§ Your instructions: Write out the entries below exactly, but only from the line containing "Бездротові Bluetooth-навушники Awei" through the line containing "Chic Soul plus", and without the pictures.

§ Dataset items:
════════════════════

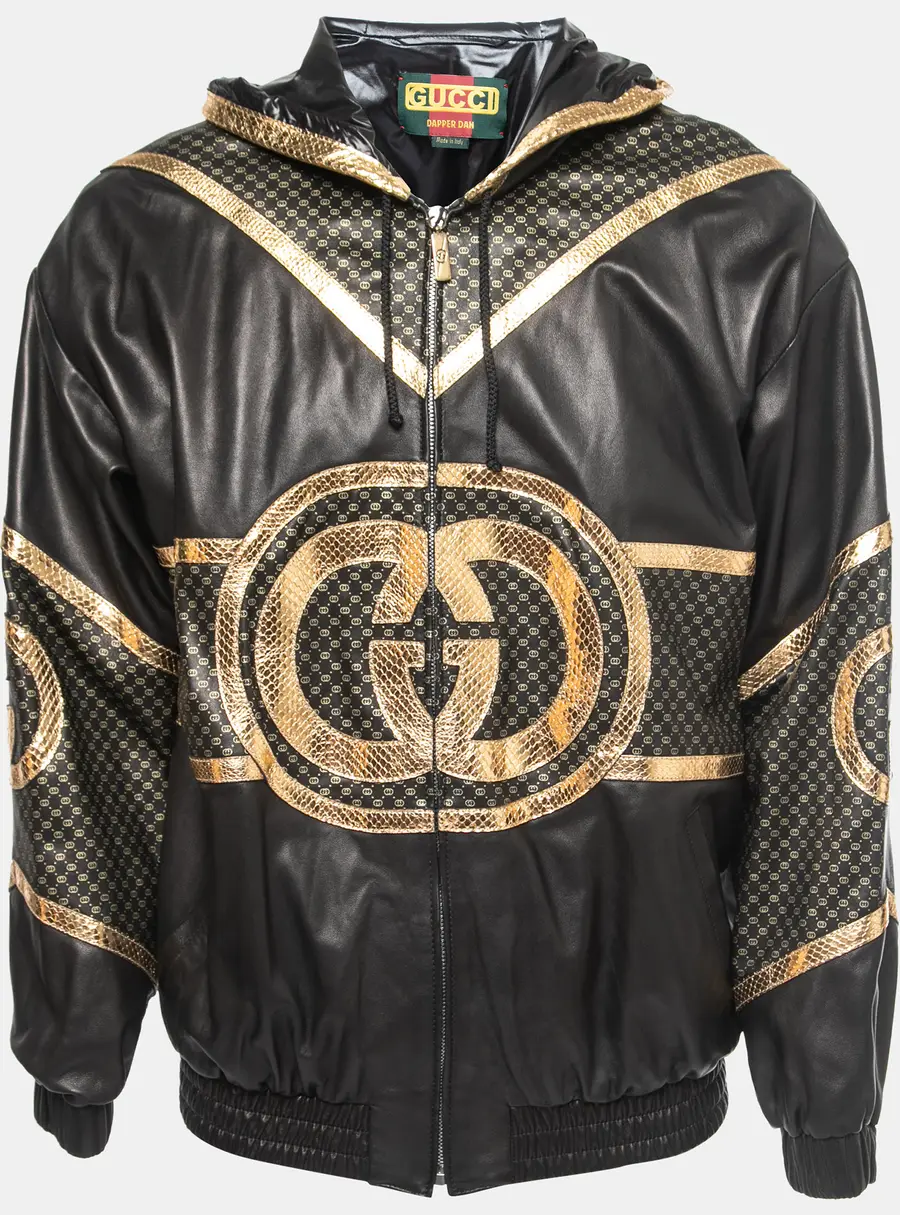 Gucci Dapper Dan Black & Gold Leather Logoed Hooded Jacket M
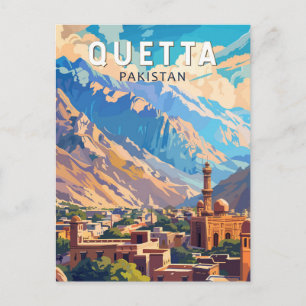 Quetta Pakistan Travel Art Vintage Vykort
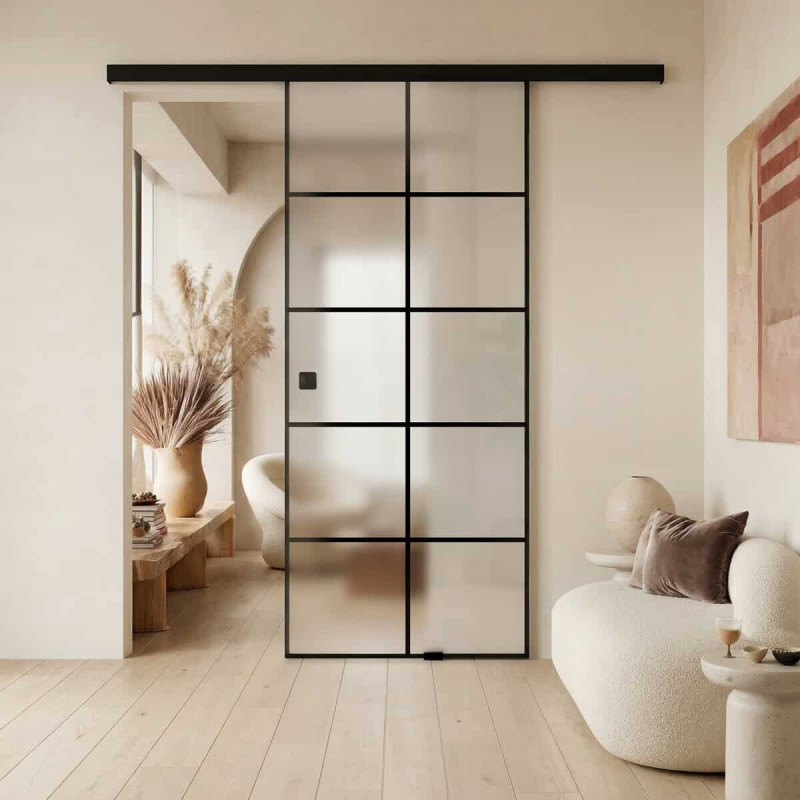 Schiebetür schwarz lackiert Industrial Design FRAMEL 20/GF SATINATO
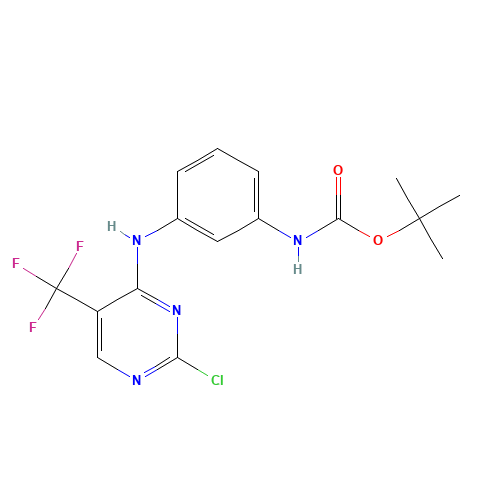 tert-butyl N-[3-[[2-chloro-5-(trifluoromethyl)pyrimidin-4-yl]amino]phenyl]carbamate (CAS: 1374507-23-9) - Related Chemical Product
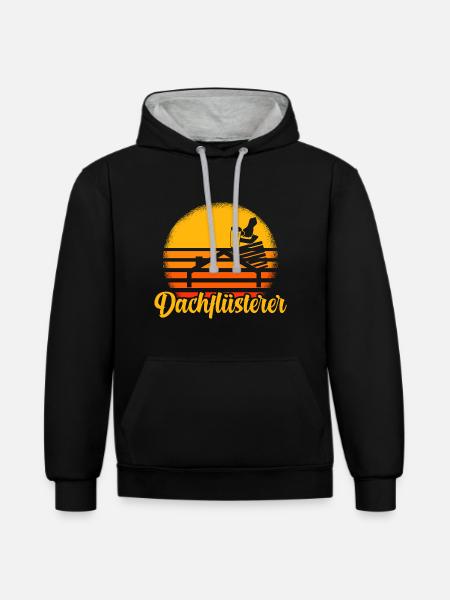 Retro Spengler Dachflüsterer Klempner - Kontrast-Hoodie - Schwarz/Grau meliert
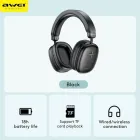 Бездротові Bluetooth-навушники Awei AT6 HiFi з підтримкою MicroSD (TF) та AUX — Чорні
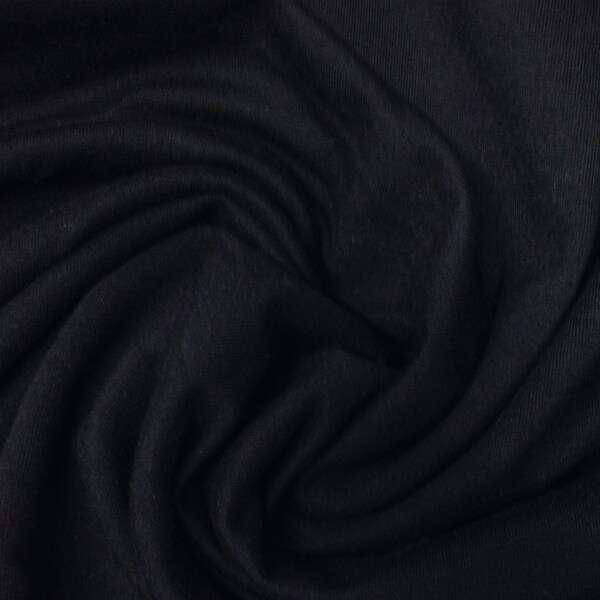 Black Bamboo Stretch French Terry Fabric - 265 GSM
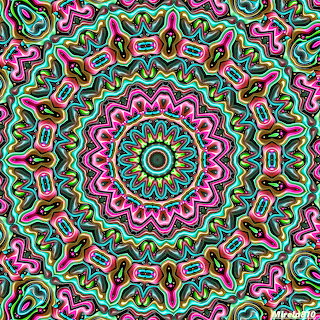 Intricate colorful mandala with concentric symmetrical patterns in pink, teal, green, and brown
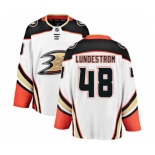 Anaheim Ducks #48 Isac Lundestrom Authentic White Away Fanatics Branded Breakaway Hockey Jersey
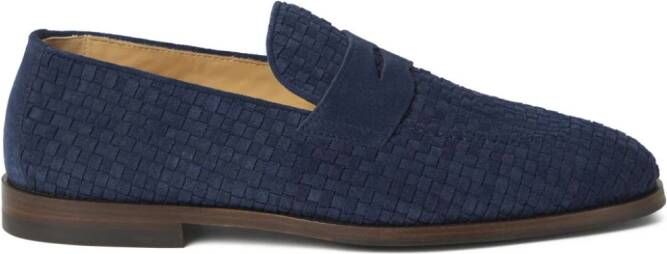 Brunello Cucinelli woven suede loafers Blue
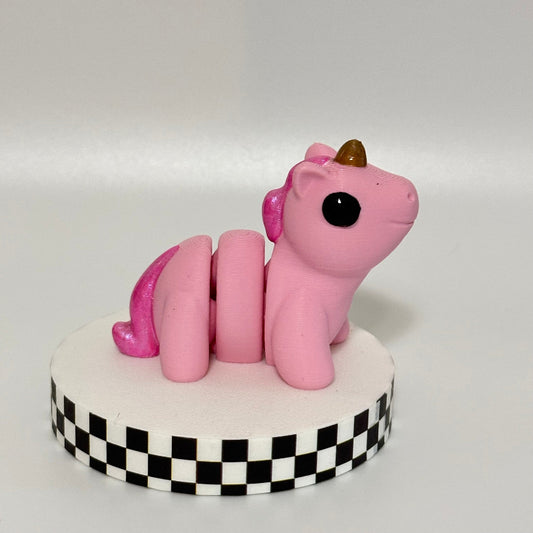 Sparklehoof Magical Pink 3D Printed Fidget Unicorn Collectable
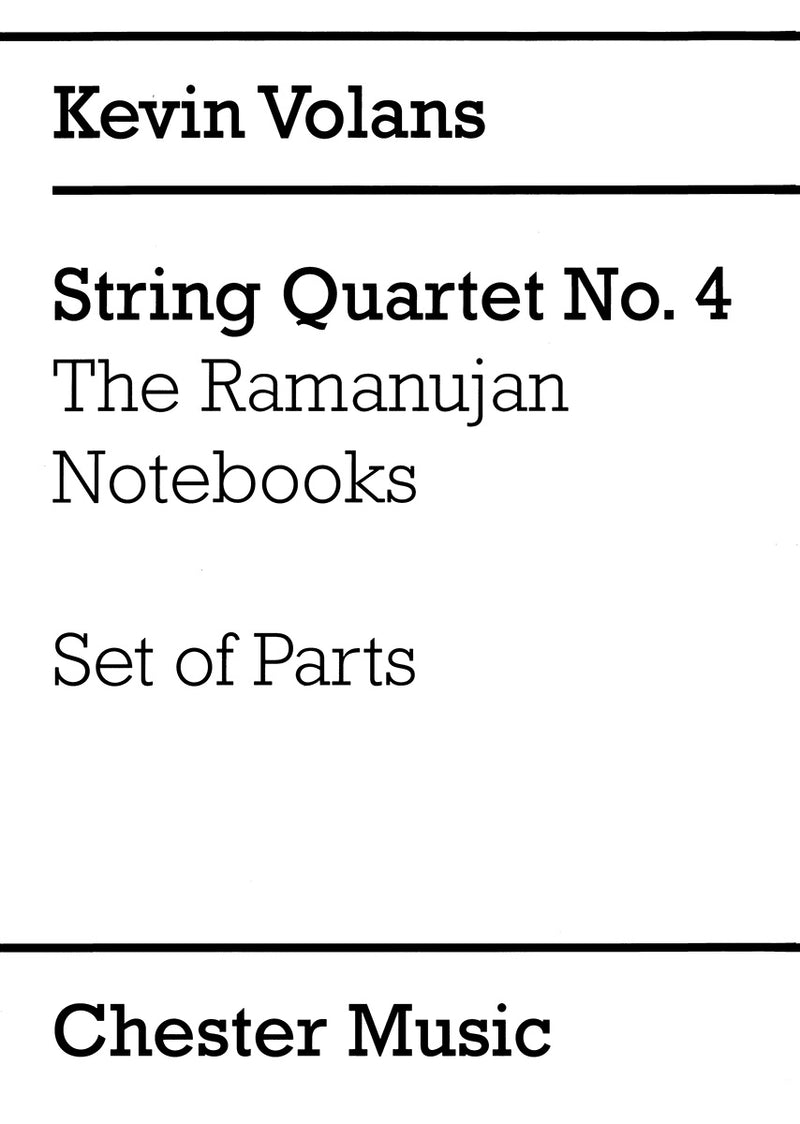 String Quartet No. 4 'The Ramanujan Notebooks' (Set of Parts)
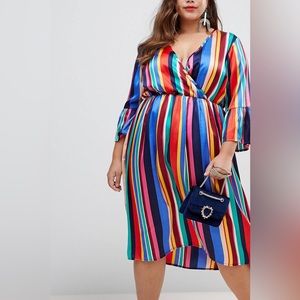 ASOS Curve Striped Wrap Dress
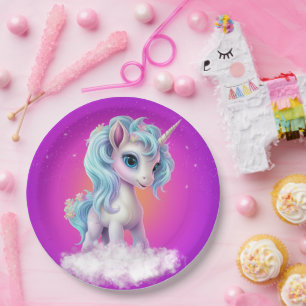 Einhorn auf Wolke mit rosa, lebhaftem Himmel Pappteller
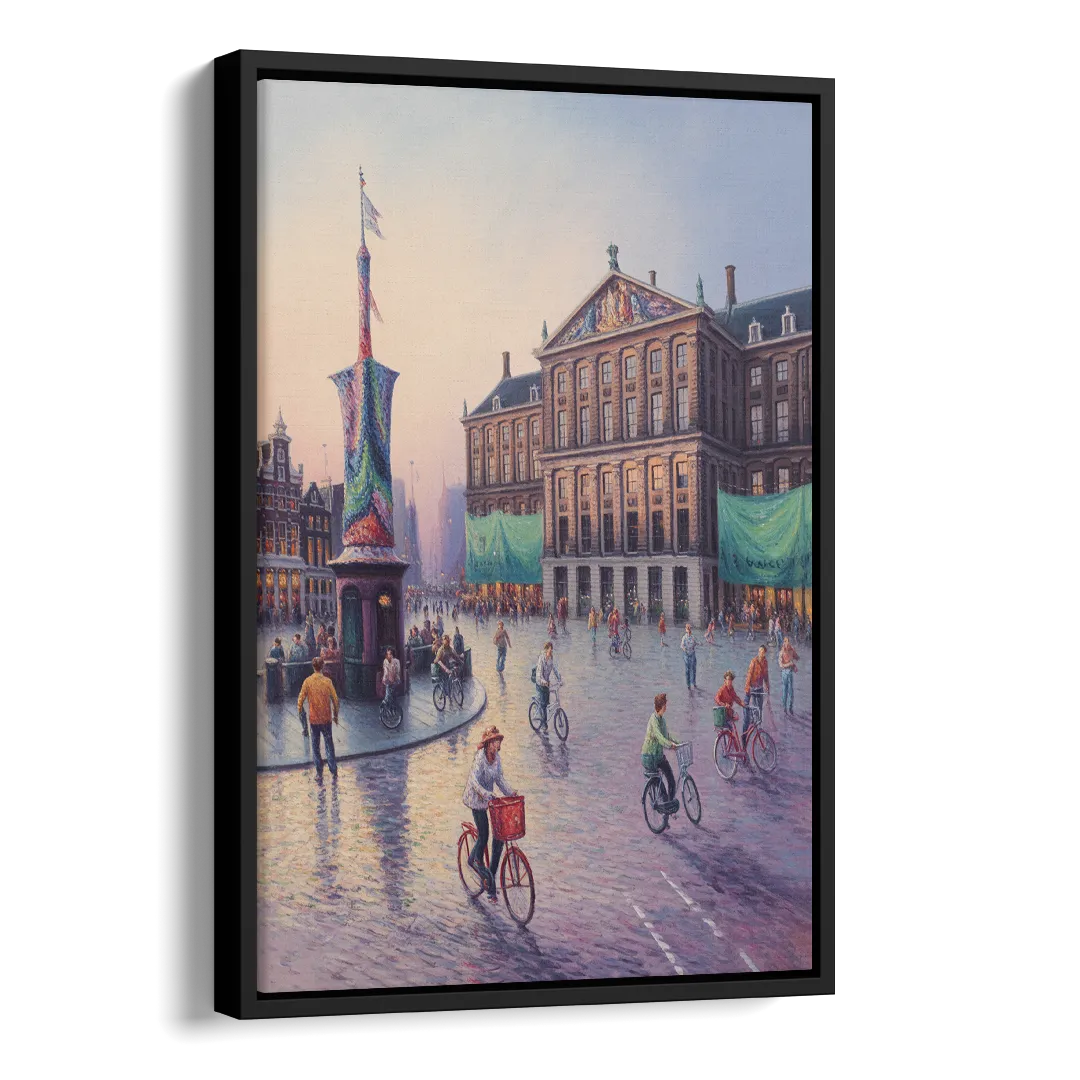 Dam Square Dreams Side - Black Canvas Wall Art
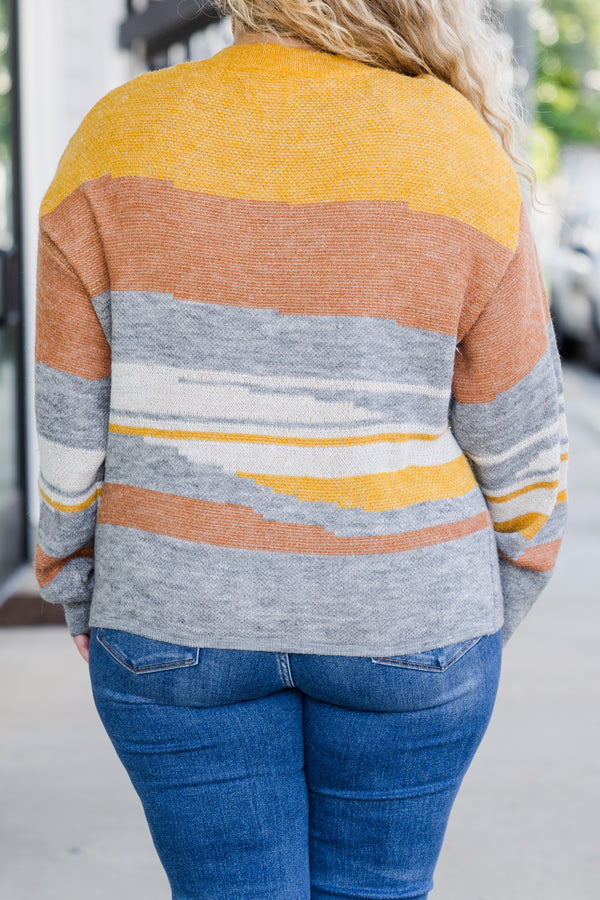 Chic Soul plus size clothing, grey, rust and yellow multi long sleeve abstract sweater with round neckline 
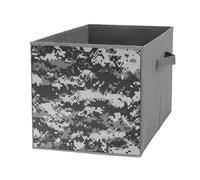 Nugier 1 PC Basket Bin Foldable Dirty Clothes Bag Bucket Fabric Dorms Waterproof Laundry Hamper Square Organizer Storage Handles Closet Print Navy Blue Digital Camouflage Fabric Texture Background
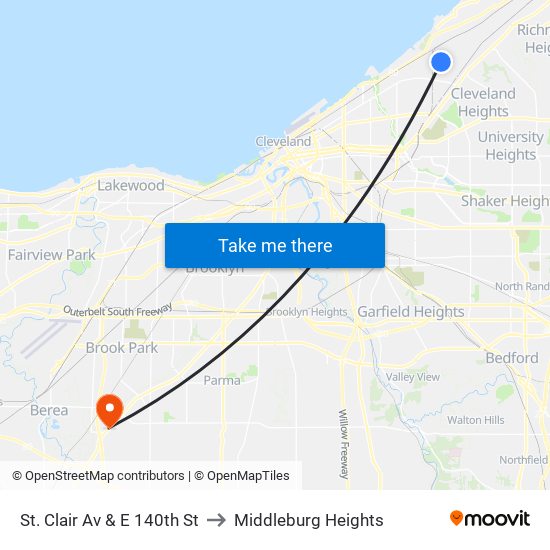 St. Clair Av & E 140th St to Middleburg Heights map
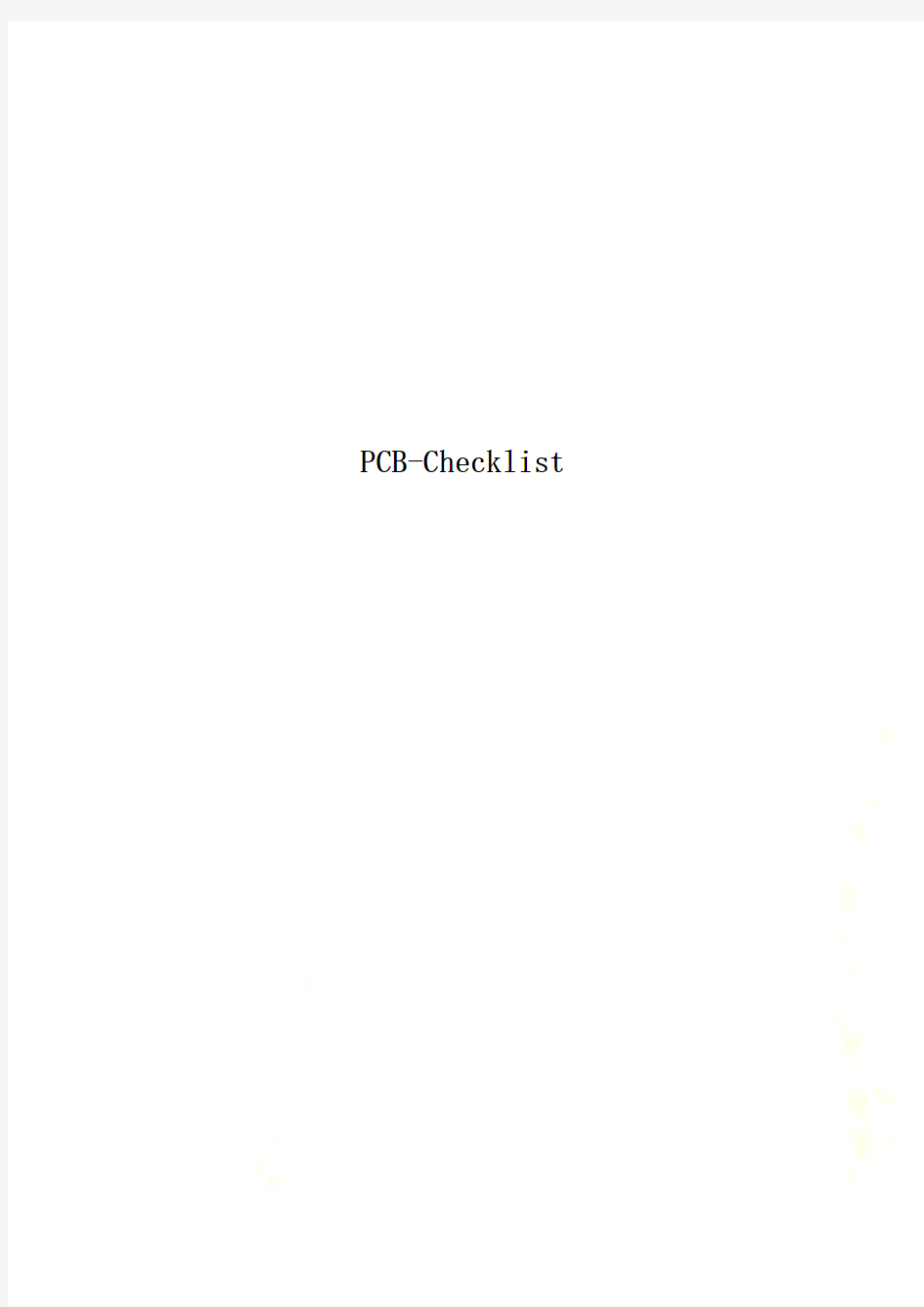 PCB-Checklist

════════════════════

§ Answer for this exercise:
 Бездротові Bluetooth-навушники Awei AT6 HiFi з підтримкою MicroSD (TF) та AUX — Чорні
 Black Bamboo Stretch French Terry Fabric - 265 GSM
 Intricate colorful mandala with concentric symmetrical patterns in pink, teal, green, and brown
 Anaheim Ducks #48 Isac Lundestrom Authentic White Away Fanatics Branded Breakaway Hockey Jersey
 Brunello Cucinelli woven suede loafers Blue
 Sparklehoof Magical Pink 3D Printed Fidget Unicorn Collectable
 String Quartet No. 4 'The Ramanujan Notebooks' (Set of Parts)
 ASOS Curve Striped Wrap Dress
 Einhorn auf Wolke mit rosa, lebhaftem Himmel Pappteller
 Dam Square Dreams Side - Black Canvas Wall Art
 Chic Soul plus size clothing, grey, rust and yellow multi long sleeve abstract sweater with round neckline 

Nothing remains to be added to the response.